Aim of the exercise> Nothing beyond the line containing "Jack Nicklaus 2001" should be printed; print each line exactly from the first line of the listing below through it.
== Segment start ==
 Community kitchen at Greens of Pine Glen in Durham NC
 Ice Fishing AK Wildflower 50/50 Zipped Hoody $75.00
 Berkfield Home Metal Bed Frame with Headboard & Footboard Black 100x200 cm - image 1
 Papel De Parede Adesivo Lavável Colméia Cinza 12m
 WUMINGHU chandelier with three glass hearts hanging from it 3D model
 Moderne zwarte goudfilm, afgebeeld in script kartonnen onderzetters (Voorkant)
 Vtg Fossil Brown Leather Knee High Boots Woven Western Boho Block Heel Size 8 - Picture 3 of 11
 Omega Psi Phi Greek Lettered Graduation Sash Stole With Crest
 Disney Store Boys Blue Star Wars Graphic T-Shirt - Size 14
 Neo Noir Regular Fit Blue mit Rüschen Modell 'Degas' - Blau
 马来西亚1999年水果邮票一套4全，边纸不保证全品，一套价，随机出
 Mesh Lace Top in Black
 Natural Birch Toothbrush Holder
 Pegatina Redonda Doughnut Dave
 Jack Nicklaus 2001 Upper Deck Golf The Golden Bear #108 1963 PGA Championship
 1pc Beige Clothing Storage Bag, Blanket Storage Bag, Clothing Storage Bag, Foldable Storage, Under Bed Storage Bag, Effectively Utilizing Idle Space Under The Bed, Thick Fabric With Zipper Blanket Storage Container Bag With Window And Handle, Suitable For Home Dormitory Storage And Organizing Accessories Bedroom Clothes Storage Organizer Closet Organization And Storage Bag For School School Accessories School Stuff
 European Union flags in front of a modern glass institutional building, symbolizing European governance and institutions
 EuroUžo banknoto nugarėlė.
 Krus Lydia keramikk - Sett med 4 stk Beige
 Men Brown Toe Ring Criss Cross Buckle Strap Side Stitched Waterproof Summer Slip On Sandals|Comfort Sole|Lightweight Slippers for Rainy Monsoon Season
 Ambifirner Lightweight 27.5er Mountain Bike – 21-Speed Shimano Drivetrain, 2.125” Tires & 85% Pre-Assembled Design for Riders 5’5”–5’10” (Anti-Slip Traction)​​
== Segment end ==
Solved problem>
 Community kitchen at Greens of Pine Glen in Durham NC
 Ice Fishing AK Wildflower 50/50 Zipped Hoody $75.00
 Berkfield Home Metal Bed Frame with Headboard & Footboard Black 100x200 cm - image 1
 Papel De Parede Adesivo Lavável Colméia Cinza 12m
 WUMINGHU chandelier with three glass hearts hanging from it 3D model
 Moderne zwarte goudfilm, afgebeeld in script kartonnen onderzetters (Voorkant)
 Vtg Fossil Brown Leather Knee High Boots Woven Western Boho Block Heel Size 8 - Picture 3 of 11
 Omega Psi Phi Greek Lettered Graduation Sash Stole With Crest
 Disney Store Boys Blue Star Wars Graphic T-Shirt - Size 14
 Neo Noir Regular Fit Blue mit Rüschen Modell 'Degas' - Blau
 马来西亚1999年水果邮票一套4全，边纸不保证全品，一套价，随机出
 Mesh Lace Top in Black
 Natural Birch Toothbrush Holder
 Pegatina Redonda Doughnut Dave
 Jack Nicklaus 2001 Upper Deck Golf The Golden Bear #108 1963 PGA Championship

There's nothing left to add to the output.